When writing a torch.autograd.Function, is there some way for the .backward() to know with respect to which input are the gradients being requested?

PaulNaduri · July 30, 2025, 9:51pm

Sorry, that’s a mouthful. Let me try to make it clearer. Suppose I have:

class MyOP(torch.autograd.Function):
    @staticmethod
    def forward(ctx, input0, input1, input2):
        ...
        return output

    @staticmethod
    def backward(ctx, grad_output):
        ...
        return grad_input0, grad_input1, grad_input2

If then I do,

out = MyOP.apply(input0, input1, input2)
grad = torch.autograd.grad(out.sum(), input2)

can I somehow know in backward() that I only need grad_input2 so that I can avoid computing grad_input0 and grad_input1 and just return None in their place?

As a hacky way of doing it, I could maybe do

to_be_diff_wrt = [False, False, True] 
out = MyOP.apply(input0, input1, input2, to_be_diff_wrt_to)

class MyOP(torch.autograd.Function):
    @staticmethod
    def forward(ctx, input0, input1, input2, to_be_diff_wrt):
        ctx.save_for_backward(to_be_diff_wrt)
        ...
        return output

but I’m wondering if there’s a better way.

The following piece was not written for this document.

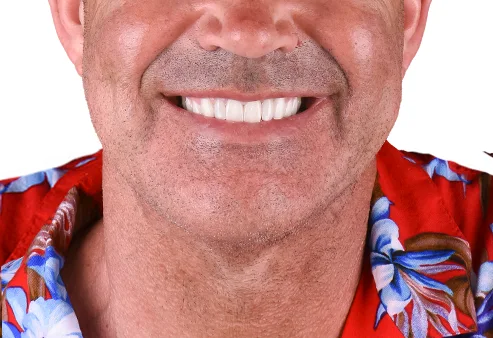 Dental Veneers at Dental Expressions, after the procedure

akrentz6 · July 30, 2025, 11:15pm

You can use ctx.needs_input_grad inside backward() to check which inputs actually require gradients. It returns a tuple of booleans denoting whether each of the inputs had requires_grad == True when the op was called (it won’t update if this changes after the operation is called).

PaulNaduri · July 31, 2025, 5:56am

I don’t think this works in my case because all three inputs require grads and therefore that bool tensor will be [True, True, True]. However, sometimes, I only need to use one or two of the grads and discard the rest, and therefore I would like to avoid computing them because they happen to be quite costly.

Jake_Miller · July 31, 2025, 6:59am

Interesting question! If all inputs require gradients, ctx.needs_input_grad won’t help in filtering. Maybe a cleaner approach could be passing a flag or metadata through ctx during the forward pass, just like you suggested—it’s not hacky at all, actually quite practical in this case.